Saturday, October 28, 2006



DUCHAMP , by Janis Mink,
Marcel Duchamp, 1887-1968, Art as Anti-Art – Taschen

“An artist expresses himself with his soul, with the soul the artwork must be assimilated.”
Marcel Duchamp

About the cold way his painting ‘nude descending a staircase’ of 1912 was received:
“(this affair) helped me to totally escape the past, my own personal past. I said to myself: ’Well, if that’s the way they want it, then there’s no question about me joining a group, one can only count on oneself, one must be a loner’”

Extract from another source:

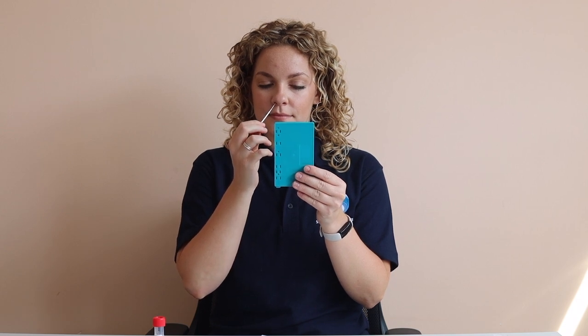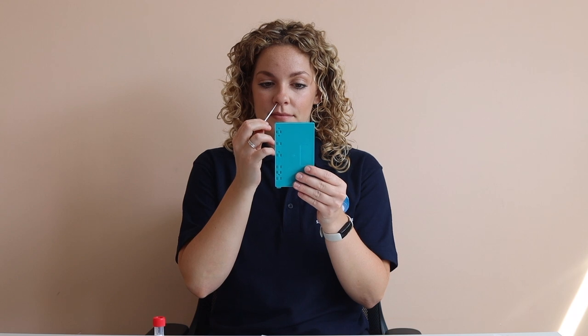Using the same swab, carefully insert vertically into one nostril, approximately two to three centimetres. Rotate the swab five times, then leave it in position for five to ten seconds.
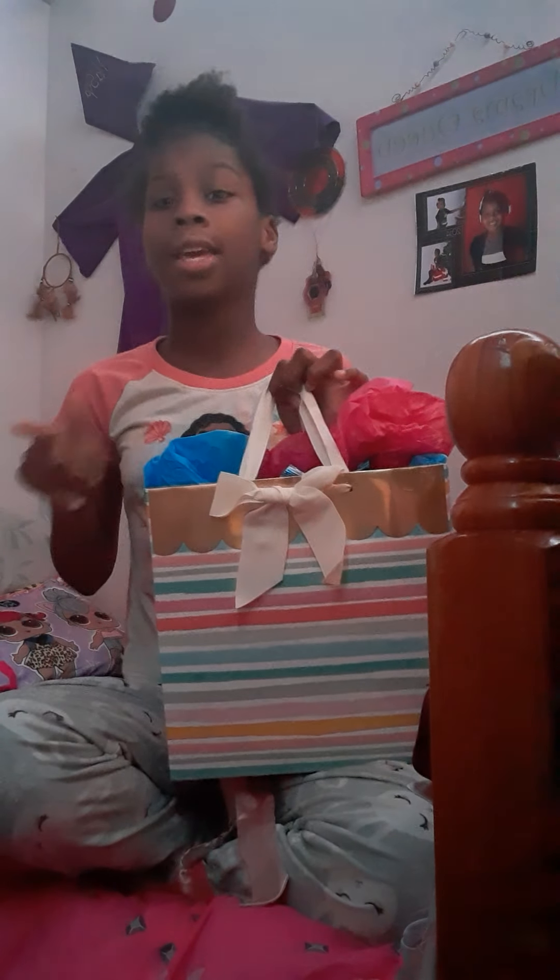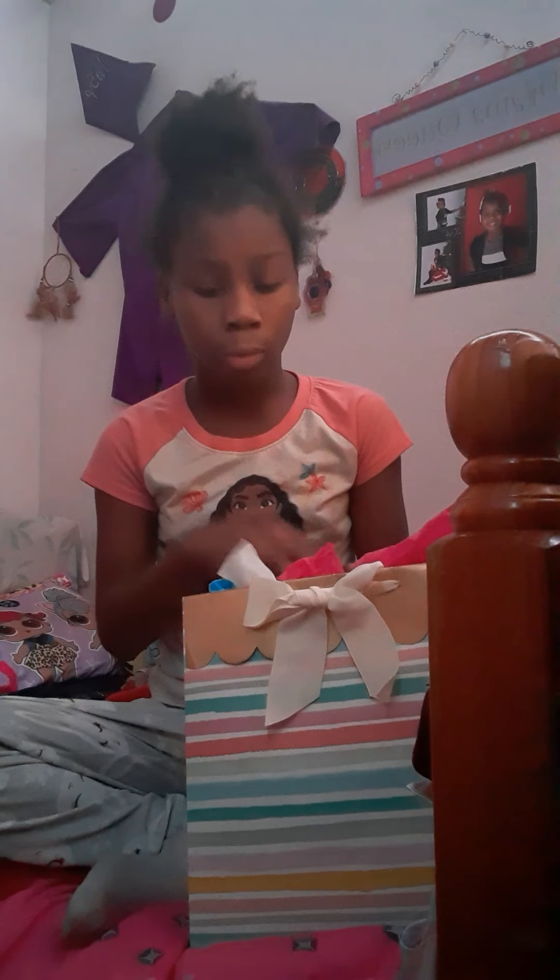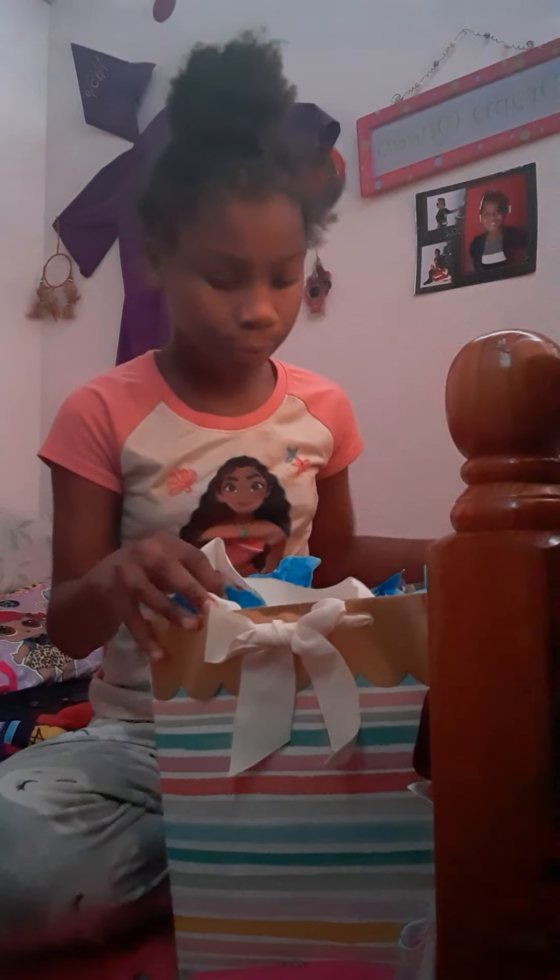Hey guys, welcome back to another video. I forgot to say my intro, but let's go — hey guys, welcome back to another video, what's up gang squad! Today we're going to be opening this gift. I don't know what's in here, so let's get straight into it.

“With a greater or lesser degree of facility, virtuosity and brio, objects are given life upon the canvas, witch belong to coarser or finer categories of ‘painting’. The harmonization of the whole upon the canvas is the path that leads to the work of art. This work is observed with cold eyes and indifferent spirit. Connoisseurs admire the ‘technique’ , enjoy the ‘peinture’ just as one enjoys the pâté.
Hungry souls go away hungry.
The artist seeks material reward for his skill, his powers of invention and observation. His aim becomes the satisfaction of his own ambition and greed. Instead of a close collaboration among artists, there’s a scramble of these rewards. There are complaints about competition and overproduction. Hatred, bias, factions, jealousy and intrigue are the consequences of this purposeless, materialist art.”

The tantalized art historian cannot reach a definite stand, because there is no final position in the relation among things.

Whether Mr. Mutt with his own hands made the Fountain or not has no importance. He CHOSE it.